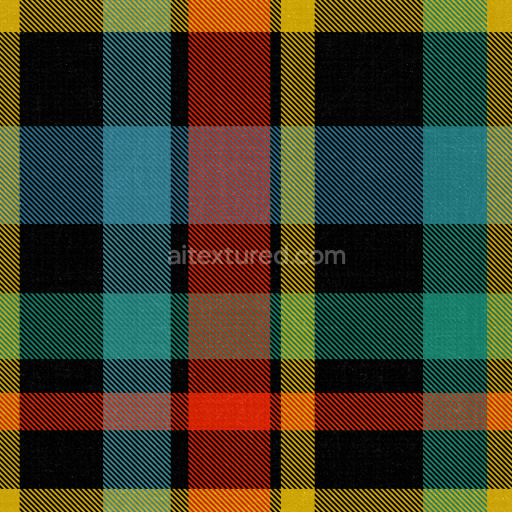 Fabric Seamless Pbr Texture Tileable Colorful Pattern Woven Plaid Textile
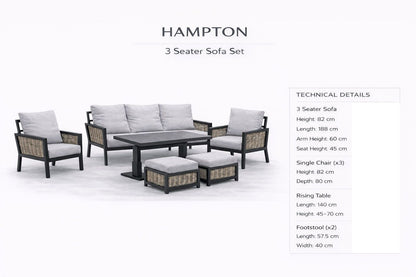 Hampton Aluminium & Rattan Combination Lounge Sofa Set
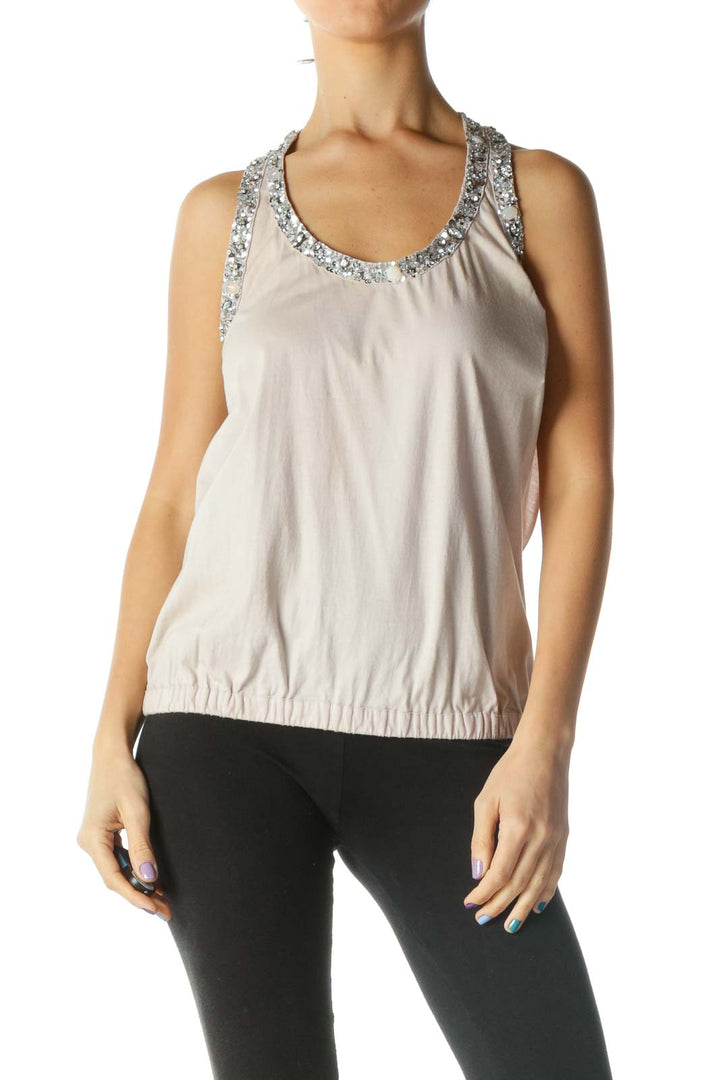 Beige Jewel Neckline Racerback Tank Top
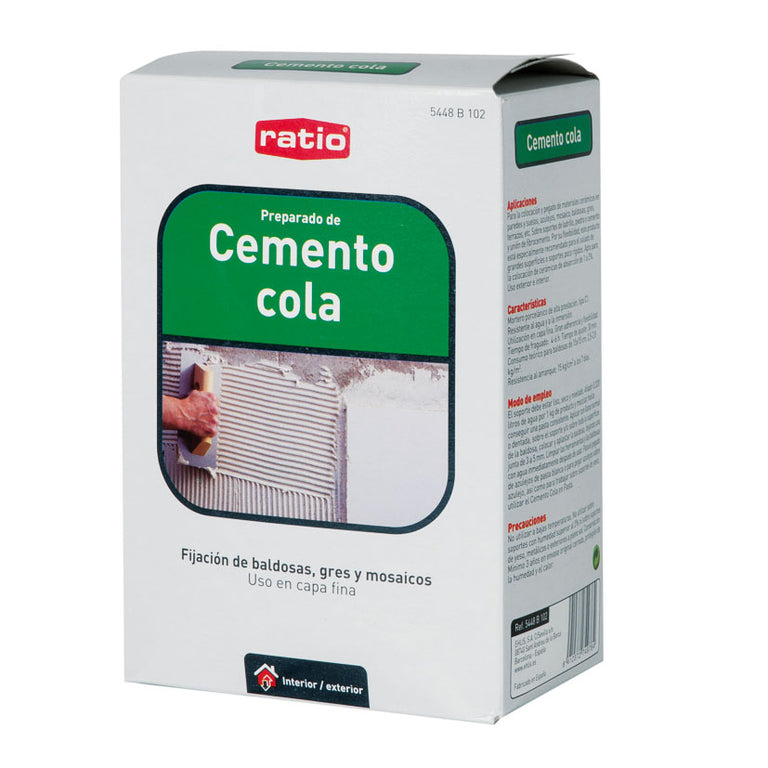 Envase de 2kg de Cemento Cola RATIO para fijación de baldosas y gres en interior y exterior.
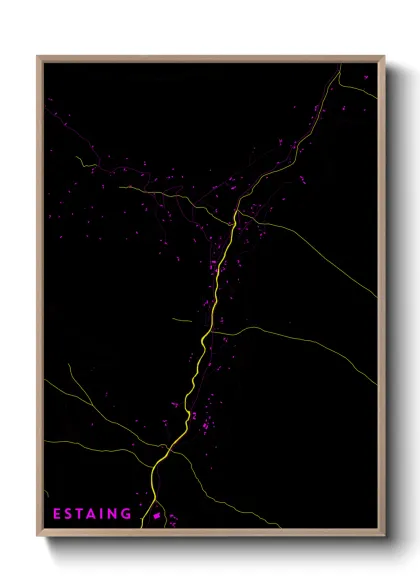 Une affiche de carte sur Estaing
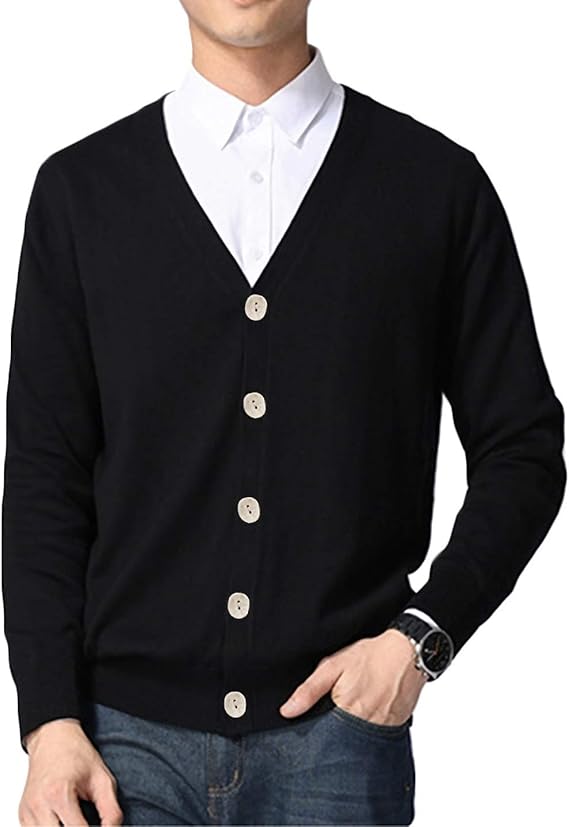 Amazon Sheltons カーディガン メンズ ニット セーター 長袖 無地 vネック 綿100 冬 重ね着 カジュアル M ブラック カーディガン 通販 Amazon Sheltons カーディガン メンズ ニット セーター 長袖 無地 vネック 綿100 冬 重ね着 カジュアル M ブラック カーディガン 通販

========================================================================

** Try it **
Pictures stay out; output the lines from the top of the listing above through the line containing "Une affiche de carte sur Estaing", exactly as they stand.

** Response to this exercise **
 Fabric Seamless Pbr Texture Tileable Colorful Pattern Woven Plaid Textile
 Hampton Aluminium & Rattan Combination Lounge Sofa Set
 Beige Jewel Neckline Racerback Tank Top
 Envase de 2kg de Cemento Cola RATIO para fijación de baldosas y gres en interior y exterior.
 Une affiche de carte sur Estaing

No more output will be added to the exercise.